Ironically, £6bn is roughly what Alex Salmond reckons one year’s oil revenue will be (which is not, as Alastair Darling pointed out, the actual benefit to the exchequer – but let’s leave that alone).
As for Sweden – well, it’s independent; has its own currency (hasn’t entered the eurozone); pays roughly 30% more tax than the UK (including Scotland, at present); and has legislated for a much fairer society in more ways than should be necessary.
Yet Sweden still has massive social problems: an underlying terrible attitude (violence) to women; racism and neo-nazism that is swept under the carpet (but were among the causes of riots last year); and ranks 14th on a world list by suicide rate. You may have met people there, Jamie, to whom class seems irrelevant, but in the wider Sweden they have ways of delineating these things that makes the UK look egalitarian.
The thing that worries me most about this whole debate is that if, as seems possible, roughly half vote for independence and roughly half vote against, that is roughly half the population who are going to be disappointed one way or the other.
But the onus is on the Yes side to justify casting aside the status quo.
So radical a change can only legitimately be made if it is desired by a wide margin – say 65-35. Otherwise, the Yes vote could not really claim a mandate.

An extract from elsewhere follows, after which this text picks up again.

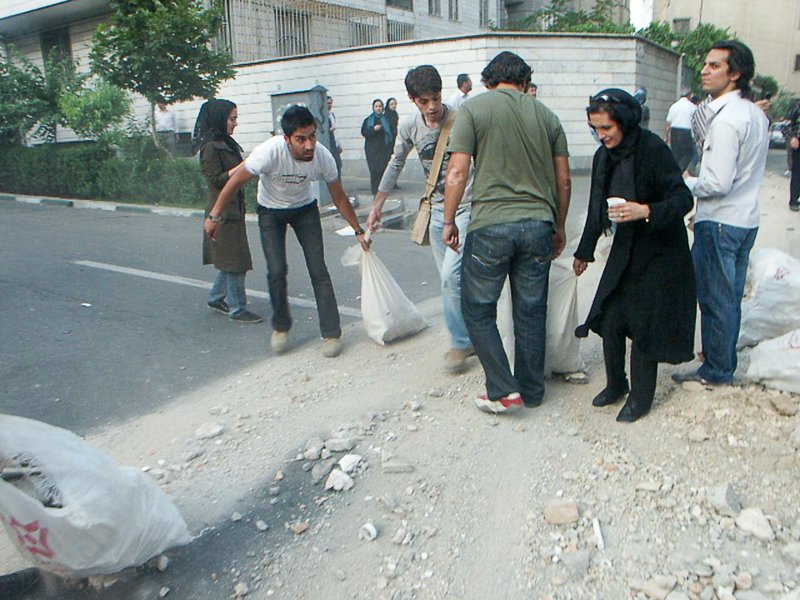 Editorial photograph from the Green Movement protests in Iran during 2009–2010, documenting public demonstrations, civic resistance, and everyday life under heightened security conditions. Part of a long-form documentary project by photographer Farha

Half and half scarcely counts as democratic on such a crucial matter. In fact, it feels more like a lottery. The radicals win by a lucky draw; everyone else loses – including, let’s not forget, tens of millions of English who don’t even have a say.
I also still fail to understand how Scotland could be truly independent keeping the £, which is governed by the Bank of England. So all that London-centric, Westminster wickedness would still hold sway.
Salmond’s argument that the £ is internationally traded and therefore the UK has no monopoly on it raises the question: then why not use the US dollar, or the yen, or the Swiss Franc (now there’s an independent country, not even in the EU, and with no central government as we understand it) or the Australian dollar? If you really like the Scandinavian model, the Swedish Krona is in the top ten internationally traded currencies.
The reason is that it is a specious argument by a petulant charlatan who gains traction by harping on about us ‘bullies’ here in England. He would not dare to say to America, “The dollar is an internationally traded currency, so we are going to use the dollar”. No. His position is, ‘We have the pound now, and if you take it away from us, it just shows how bad you are’. Well no-one is talking about taking it away from him. He is moving away from it of his own volition and should accept the political and economic reality of that, and be honest with the Scottish people. But, hey, it’s all politics, so what the hell…….
Finally, just so you know, I don’t read newspapers, and I watch tv news as little as possible. They are wrong on most subjects; no reason for this to be any different.
Dear Paul
Unlike you Paul, I do read the newspapers and listen to the news (despite their clear bias and lack of critical analysis of anything put out by the NO campaign). But beyond that, I also seek out the facts of the matter from other sources, go back to verify with original sources wherever possible and question everything (penalty of having done an MSc). In short, I try to balance my passion – which Ken would consider “romantic” – with facts and logic.
Some of your points have been partly covered in my answer to Ken above and so will not be repeated here (or if they are it will be from a different slant).
Once again we have the spectre of RBS, which is not the cornerstone you imagine. Given that during the coming year all of its English and Welsh branches are to be sold (along with its Scottish Nat West Branches) Scottish liability will be greatly reduced. The Westminster Government have already spoken of separating the Retail Banking part (HQ in Edinburgh) from the Investment Banking part (HQ in London). But as I noted before, RBS was a great British success story until poor regulation and mismanagement of the London based part brought it down, when suddenly it becomes Scottish once again. (Incidentally, Bank of Scotland was brought down by their subsidiary, the English Halifax Bank’s sub-prime mortgage lending!).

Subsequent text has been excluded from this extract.